Nato in un contesto storico in cui la religione cattolica era la religione dello Stato — così che l’insegnante di religione era, in quanto prete, funzionario della Chiesa e, in quanto insegnante, funzionario dello Stato – l’insegnamento della religione ha perso con il Concordato del 1984 l’aureola della religione di Stato, ma ha mantenuto contenuti e funzioni rispetto alla tradizionale organizzazione della didattica per materie.

Come indicano le due post-fazioni della ricerca, si aprono due strade per il futuro dell’Irc:

1. trasformare l’Irc in catechesi, come propone James Organisti, in base ad una constatazione antropologica — “la religione è una modalità radicale di accesso alla propria identità” — e cristologica – “la storia di Gesù non è che la rivelazione stessa” —. Questa trasformazione porta inevitabilmente l’insegnamento della religione fuori dalle mura dalla scuola pubblica. Neppure le scuole cattoliche paritarie potrebbero offrire catechesi. Solo la comunità dei credenti può farlo.
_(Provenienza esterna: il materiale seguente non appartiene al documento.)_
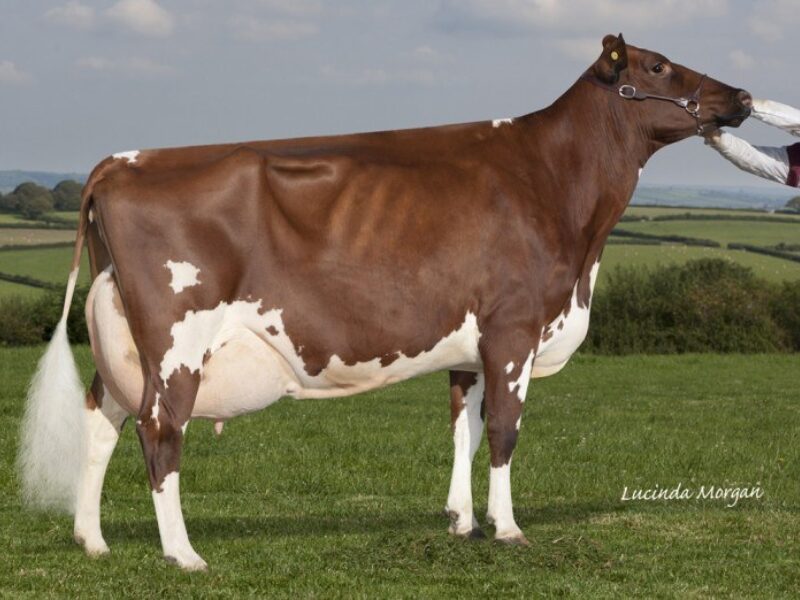 Dam of Rhos Pamelas Honey lot 10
2. scolarizzare integralmente l’Irc, come propone Elio Damiano, individuando “oggetti di conoscenza non catechetici e non teologici”, bensì, appunto, storico-culturali. Questa strada porta ad integrare l’Irc nelle altre discipline, facendone un punto di intersezione. Ma qui si dovrebbe aprire la discussione sulla scelta e la preparazione del personale docente dell’Irc. Finora la Cei si è sempre rifiutata di riesaminare l’assetto istituzionale e culturale dell’Irc, perché il Concordato assegna ai vescovi il potere di scegliere gli insegnanti di religione. La contrattazione tra la Cei e il ministro Moratti portò nel luglio del 2002 all’approvazione di un decreto, elaborato sulla base di un analogo disegno di legge a suo tempo presentato dall’ex ministro diessino De Mauro e già approvato dal Senato nella precedente legislatura con la maggioranza ulivista, che tolse dal precariato gli insegnanti di religione, collocandoli in ruolo, sempre previa approvazione del vescovo. Ovviamente, la piena scolarizzazione dell’Irc non impedisce la contemporanea “catechizzazione” in ambito di comunità credente, in primo luogo nelle parrocchie.

Intanto, questa ricerca non è entrata nel dibattito pubblico. E’ stata diplomaticamente consegnata alla critica roditrice dei topi. Eppure, la realtà è davanti agli occhi: il fallimento sostanziale dell’Irc. Oggi gli occhi di chi dovrebbe guardare sono coperti dal velo opaco di interessi materiali — al Sud le numerosissime sedi vescovili non vogliono perdere il potere di assegnare posti di lavoro — e di conservatorismo ideologico. Intanto i nostri ragazzi restano i più ignoranti d’Europa in fatto di Bibbia e più analfabeti religiosi. Quanto tutto ciò possa minare la formazione dell’uomo e del cittadino già si può vedere.